=== What you have to do ===
Please give back each line below unchanged; none of the pictures should appear.

=== Data extract ===
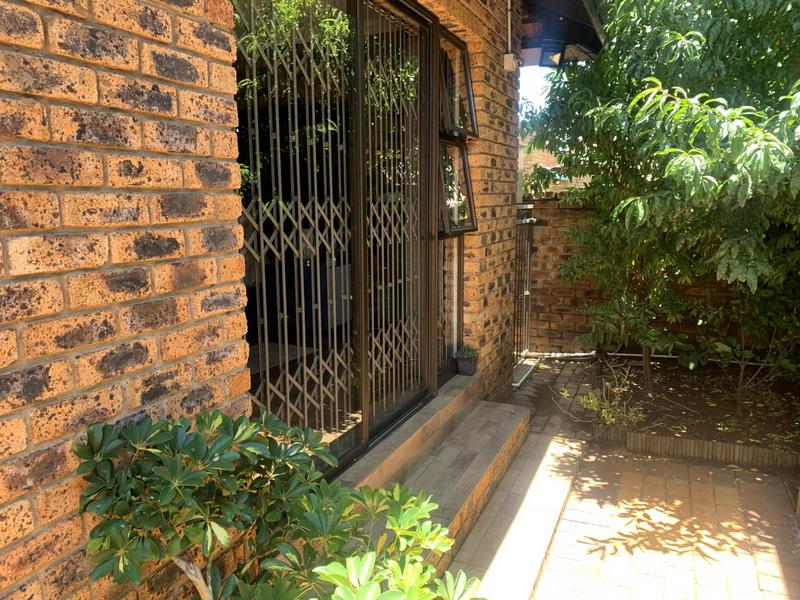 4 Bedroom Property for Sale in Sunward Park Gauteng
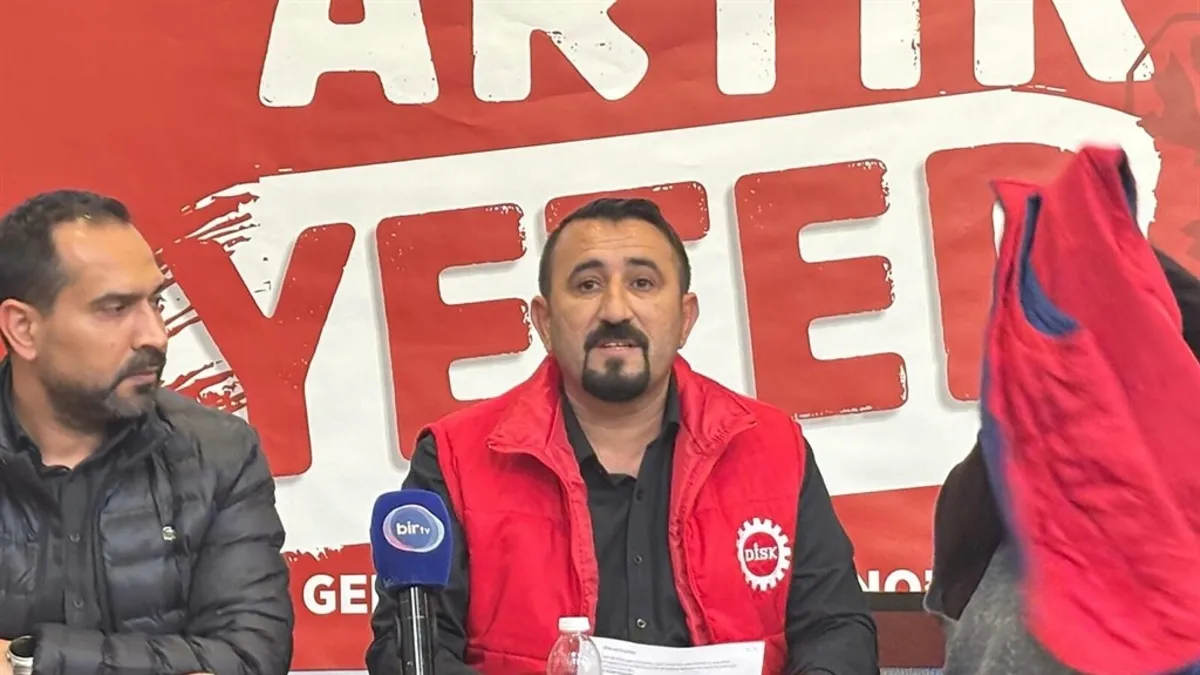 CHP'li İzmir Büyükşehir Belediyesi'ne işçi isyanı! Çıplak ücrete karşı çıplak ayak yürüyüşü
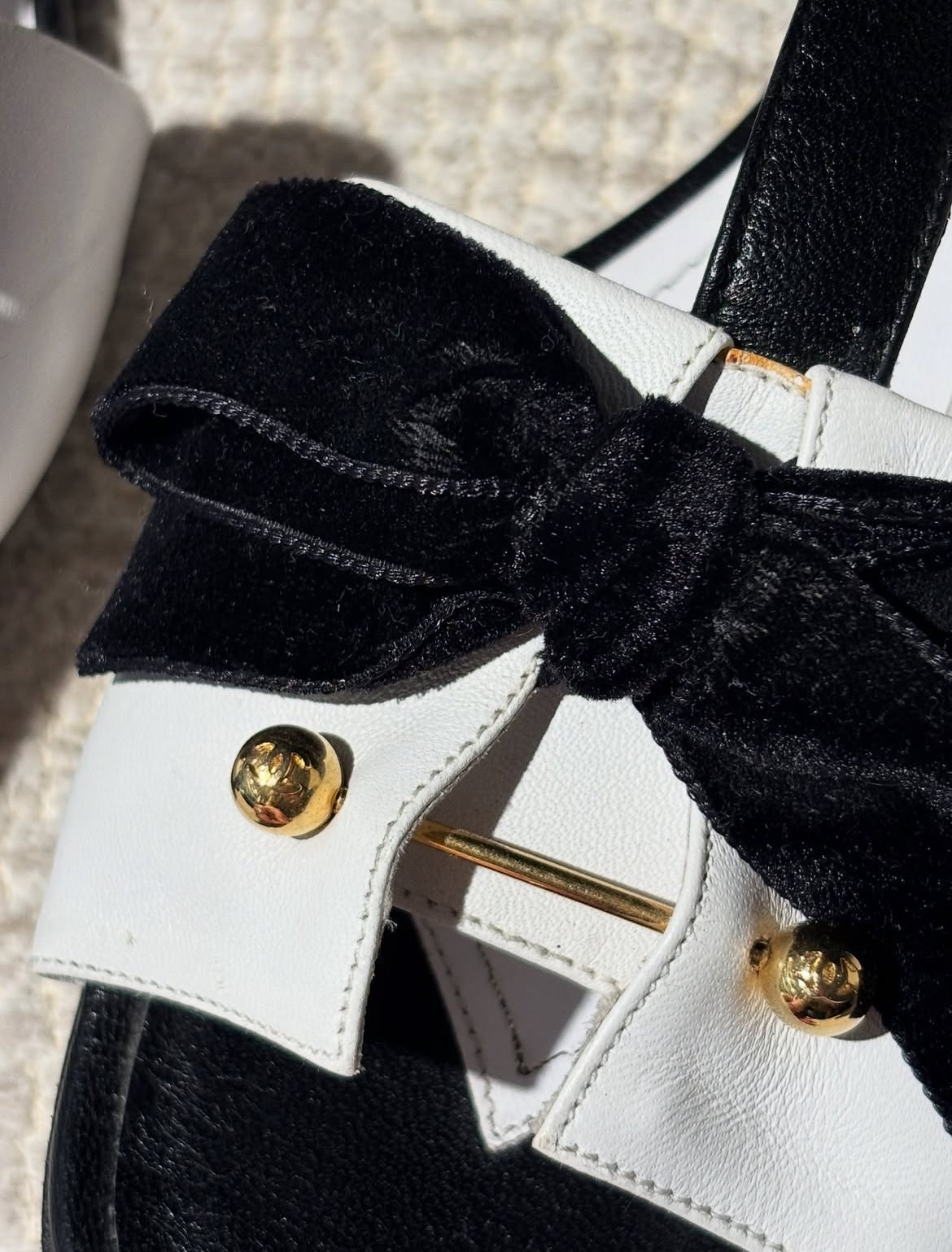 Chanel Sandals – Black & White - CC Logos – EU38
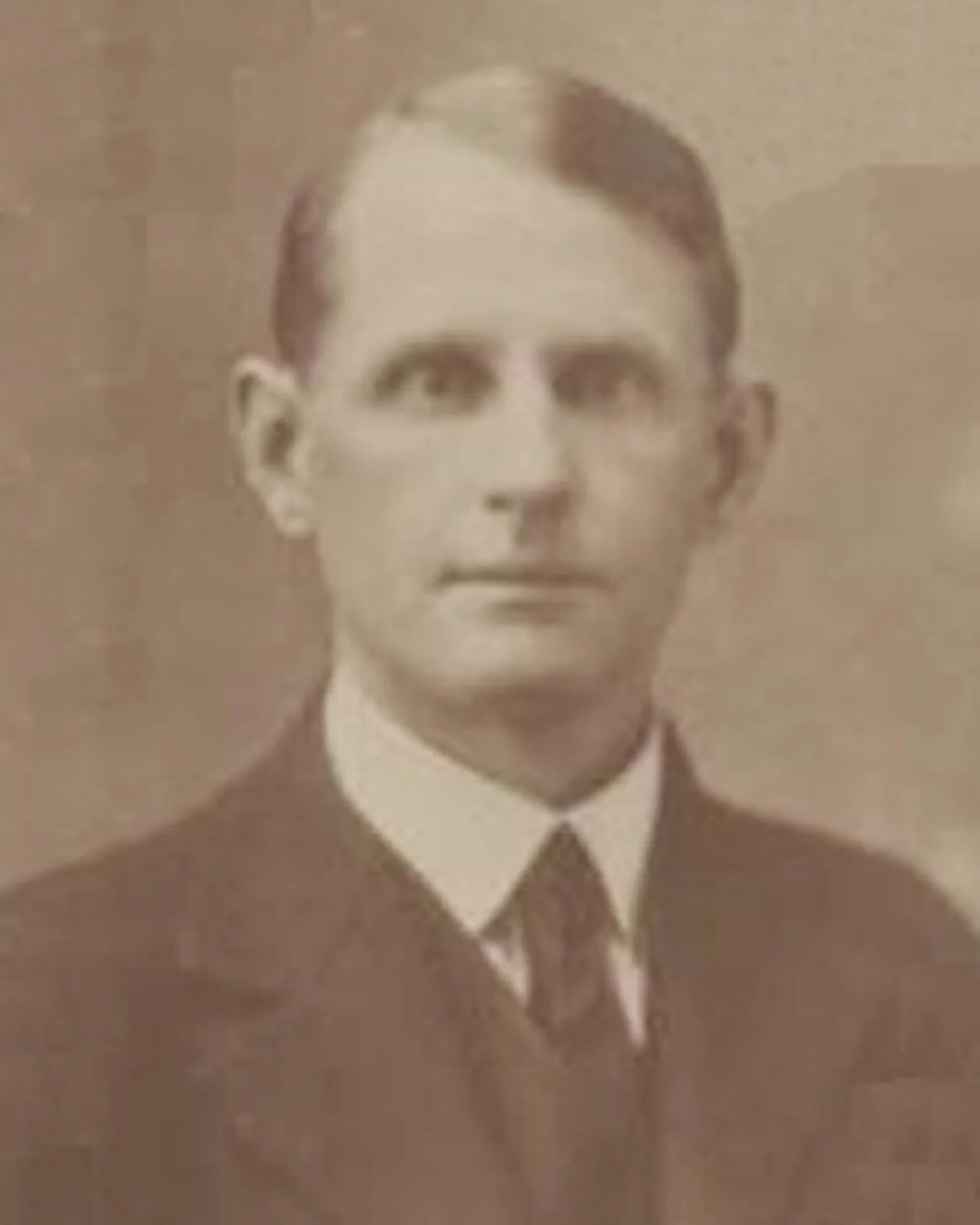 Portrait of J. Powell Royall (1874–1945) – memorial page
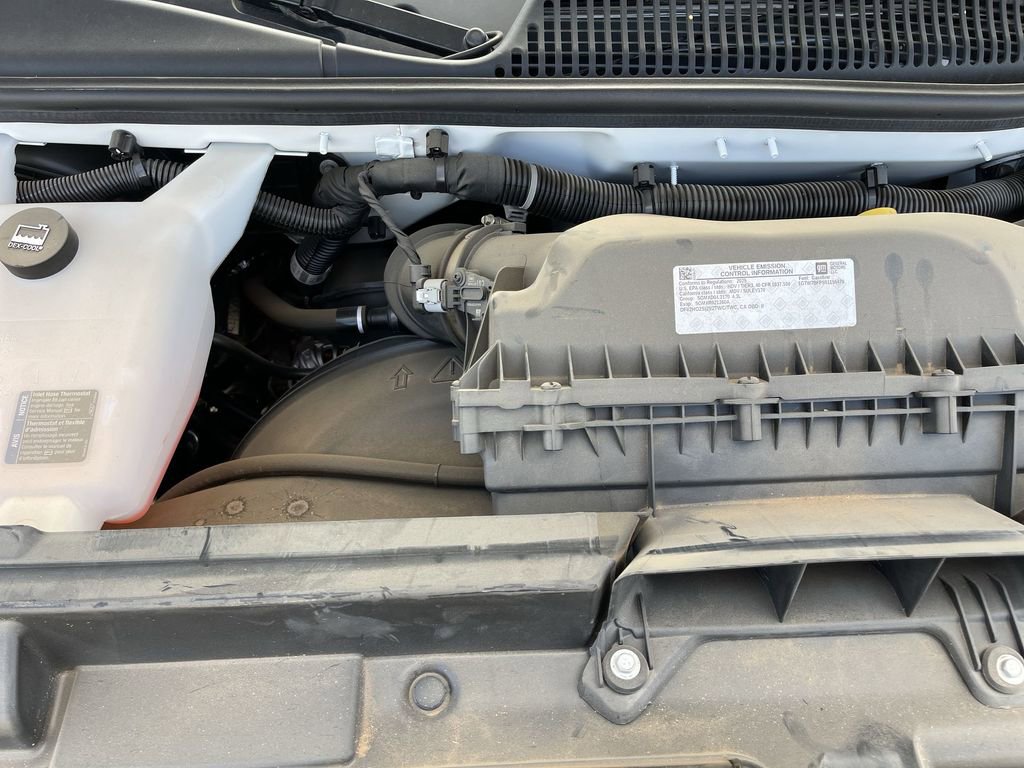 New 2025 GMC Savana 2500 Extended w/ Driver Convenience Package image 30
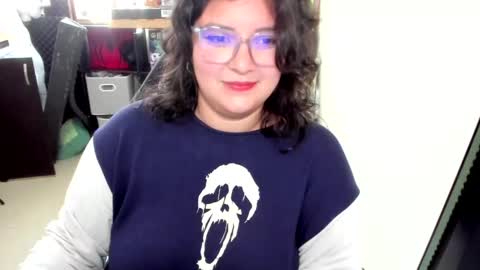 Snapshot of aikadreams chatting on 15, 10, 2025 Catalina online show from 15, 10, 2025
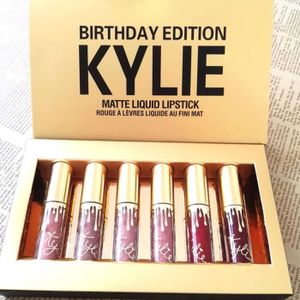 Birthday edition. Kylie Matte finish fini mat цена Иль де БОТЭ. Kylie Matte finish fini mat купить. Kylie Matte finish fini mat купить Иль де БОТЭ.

=== Response for this exercise ===
 4 Bedroom Property for Sale in Sunward Park Gauteng
 CHP'li İzmir Büyükşehir Belediyesi'ne işçi isyanı! Çıplak ücrete karşı çıplak ayak yürüyüşü
 Chanel Sandals – Black & White - CC Logos – EU38
 Portrait of J. Powell Royall (1874–1945) – memorial page
 New 2025 GMC Savana 2500 Extended w/ Driver Convenience Package image 30
 Snapshot of aikadreams chatting on 15, 10, 2025 Catalina online show from 15, 10, 2025
 Birthday edition. Kylie Matte finish fini mat цена Иль де БОТЭ. Kylie Matte finish fini mat купить. Kylie Matte finish fini mat купить Иль де БОТЭ.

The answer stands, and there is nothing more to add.